Individual land ownership, it seems, was non-existent during the Yin empire and when overtaken by the Chou conquerors, things didn’t change much, but there were indications that plots were given to individuals at 20 years old and returned at 60 years old. The land was still the property of the king: “Under-the-heavens, there is no land that does not belong to the wang [king], in the whole world from one end to the other there are no people who are not the wang’s underlings”. There also emerged a privileged class of society during the Chou reign but still for this group land was controlled by the bureaucracy under the direction of the king and was not ‘owned’ personally.
Agricultural activity was regimented as ordered by the kings officials:
Numerous songs describe agriculture based on the use of large groups of peasants directed by officials who indicate where, when and what to sow. For example, land officials were instructed as follows: "our ruler summons us all ...orders you to lead the plowmen to sow grain. ..quickly take your instruments and begin to plow. ...Let ten thousand pairs go out. ..this will be enough." Elsewhere a similar scene is pictured: "A thousand pairs of people on the plain and on the mountain slope weed and plow the field." Of the harvest it is said: "There are large granaries everywhere. ...In them, millions of tan of grain. ..A thousand granaries must be prepared. ...Ten thousand grain baskets must be prepared." Finally, the wang gives his approval--the ultimate goal of labor: "All the fields are completely sown. ...The grain is truly good. ...The wang was not angry; he said, 'You peasants have labored gloriously.' " (Shafarevich, p. 169)

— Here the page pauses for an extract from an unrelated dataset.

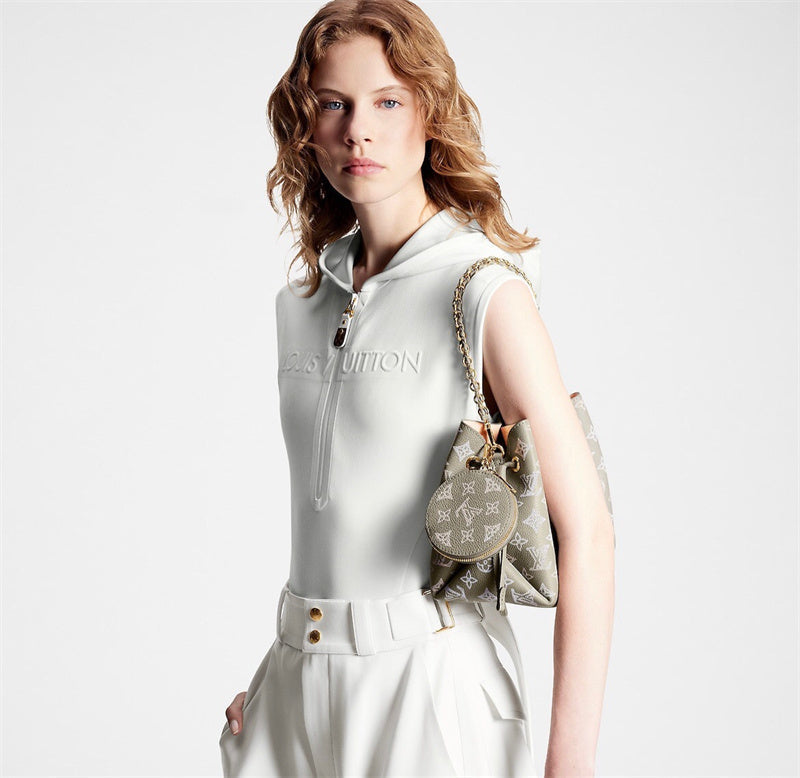 Classic everyday bag carried on shoulder 10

These peasant labourers were not only farmhands but also soldiers, if the need ever arose for an army, or as construction workers to build a place, for example. The need for military force was not just prompted by external threats but was equally concerned with the suppression of uprisings. Something that seems to be very much a socialist phenomenon.
The emerging privileged class, the aristocracy, could have land and people granted to them from the king - rather like a loan - and thereby officials, scholars, artisans and the like, could live off the loaned land and peasants who worked the land.
The king’s administration consisted of three departments: agriculture, war and public works. The heads of these departments were the most powerful officials in the land. Interestingly the department of agriculture was the ministry of ‘plenty’, a translation suggested in 1927, before Orwell had the idea - or maybe he stole the idea from this dynasty?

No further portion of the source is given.